WHAT YOU ARE ASKED TO DO. After locating the line with "12 Blatt 2 Packungen", reproduce it and all following lines of the listing below exactly, stopping only at the final line.

DATA.
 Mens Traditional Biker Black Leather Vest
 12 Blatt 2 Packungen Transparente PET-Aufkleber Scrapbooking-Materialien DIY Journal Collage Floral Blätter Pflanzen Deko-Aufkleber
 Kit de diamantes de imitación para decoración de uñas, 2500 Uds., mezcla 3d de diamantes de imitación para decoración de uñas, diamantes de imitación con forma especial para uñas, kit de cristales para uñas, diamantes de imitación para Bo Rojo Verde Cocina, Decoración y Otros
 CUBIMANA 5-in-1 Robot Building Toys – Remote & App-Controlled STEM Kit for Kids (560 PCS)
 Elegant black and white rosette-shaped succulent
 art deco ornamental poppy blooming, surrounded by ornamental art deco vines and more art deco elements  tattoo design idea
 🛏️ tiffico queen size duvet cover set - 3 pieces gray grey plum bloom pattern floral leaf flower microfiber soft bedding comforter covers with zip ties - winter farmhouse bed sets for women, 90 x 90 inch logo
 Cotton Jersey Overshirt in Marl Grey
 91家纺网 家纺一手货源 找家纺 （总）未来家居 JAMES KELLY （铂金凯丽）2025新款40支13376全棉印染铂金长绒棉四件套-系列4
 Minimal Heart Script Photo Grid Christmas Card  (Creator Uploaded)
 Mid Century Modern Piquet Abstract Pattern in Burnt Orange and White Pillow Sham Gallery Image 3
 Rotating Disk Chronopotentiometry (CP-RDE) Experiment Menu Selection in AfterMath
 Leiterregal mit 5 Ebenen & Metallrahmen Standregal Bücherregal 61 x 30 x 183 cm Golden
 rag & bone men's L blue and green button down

REPLY TO THE EXERCISE.
 12 Blatt 2 Packungen Transparente PET-Aufkleber Scrapbooking-Materialien DIY Journal Collage Floral Blätter Pflanzen Deko-Aufkleber
 Kit de diamantes de imitación para decoración de uñas, 2500 Uds., mezcla 3d de diamantes de imitación para decoración de uñas, diamantes de imitación con forma especial para uñas, kit de cristales para uñas, diamantes de imitación para Bo Rojo Verde Cocina, Decoración y Otros
 CUBIMANA 5-in-1 Robot Building Toys – Remote & App-Controlled STEM Kit for Kids (560 PCS)
 Elegant black and white rosette-shaped succulent
 art deco ornamental poppy blooming, surrounded by ornamental art deco vines and more art deco elements  tattoo design idea
 🛏️ tiffico queen size duvet cover set - 3 pieces gray grey plum bloom pattern floral leaf flower microfiber soft bedding comforter covers with zip ties - winter farmhouse bed sets for women, 90 x 90 inch logo
 Cotton Jersey Overshirt in Marl Grey
 91家纺网 家纺一手货源 找家纺 （总）未来家居 JAMES KELLY （铂金凯丽）2025新款40支13376全棉印染铂金长绒棉四件套-系列4
 Minimal Heart Script Photo Grid Christmas Card  (Creator Uploaded)
 Mid Century Modern Piquet Abstract Pattern in Burnt Orange and White Pillow Sham Gallery Image 3
 Rotating Disk Chronopotentiometry (CP-RDE) Experiment Menu Selection in AfterMath
 Leiterregal mit 5 Ebenen & Metallrahmen Standregal Bücherregal 61 x 30 x 183 cm Golden
 rag & bone men's L blue and green button down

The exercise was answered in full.